Prepare software environment
We recommend creating Singularity images using the tool Cotainr, which has been designed with LUMI in mind, eg. it has the flag --system=lumi-g
to help you collect the correct modules.
You can also find pre-built container images in: /appl/local/containers/sif-images
Run your job
It is generally recommended to launch your jobs with batch-scripts. We provide the following example, which you can use as a basis for your own batch scripts.
#!/bin/bash
#SBATCH --job-name=torch_bm
#SBATCH --account=project_415001489
#SBATCH --partition=small-g
#SBATCH --gpus=1
#SBATCH --cpus-per-task=15
#SBATCH --time=01:00:00
#SBATCH --output=out.%x_%j
#SBATCH --error=err.%x_%j
# Directories
PROJECT="/project/${SLURM_JOB_ACCOUNT}"
SCRATCH="/scratch/${SLURM_JOB_ACCOUNT}"
FLASH="/flash/${SLURM_JOB_ACCOUNT}"
mkdir -p $PROJECT $SCRATCH $FLASH
# Container
lumi_images="/appl/local/containers/sif-images"
lumi_pytorch_base="${lumi_images}/lumi-pytorch-rocm-6.2.3-python-3.12-pytorch-v2.5.1.sif"
CONTAINER="$lumi_pytorch_base"
# Script
SCRIPT="${PROJECT_DIR}/torch_bm.py"
# The command to execute on the node(s)
srun --chdir="$PROJECT_DIR" singularity exec --bind="$PROJECT_DIR,$SCRATCH_DIR,$FLASH_DIR" $CONTAINER bash -c "\$WITH_CONDA; python3 $SCRIPT"
Consider making the following adjustments:
- Decide on a good naming convention for your runs.

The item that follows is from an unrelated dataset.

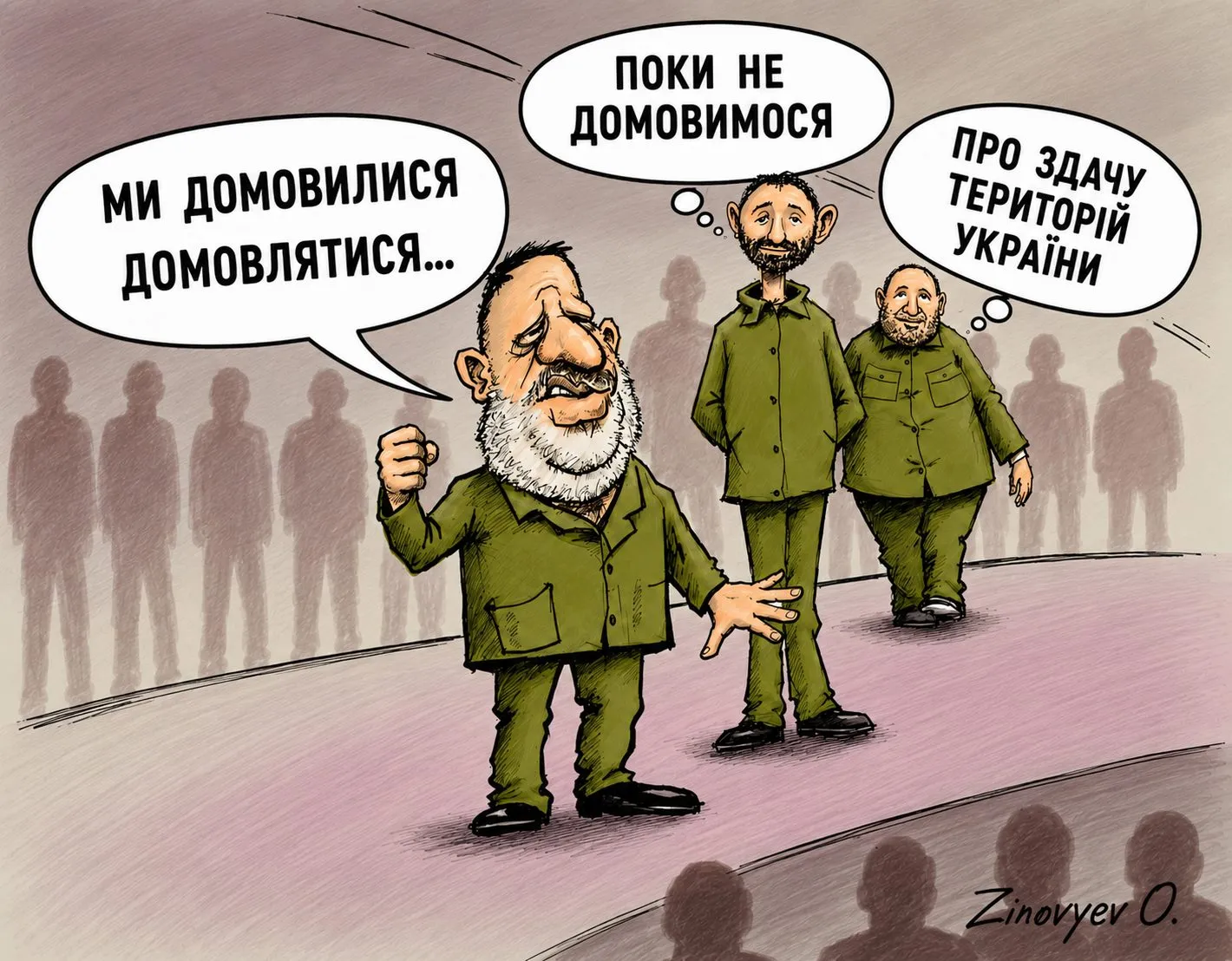 Cartoon “Backroom Deals” by Oleksandr Zinovyev: A bearded man and two soldiers: 'We agreed to keep negotiating… until we agree to surrender territory'.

Pass this to
--job-name
. - Find your project account number using the command
lumi-workspaces
. Pass this to the--account
parameter. - Decide on an appropriate compute partition to run on.
- View the partitions with the command:
sinfo -o "%25P %5D %l"
- Read about the compute hardware in the official documentation.
- View the partitions with the command:
- Replace the paths to your container image and your script.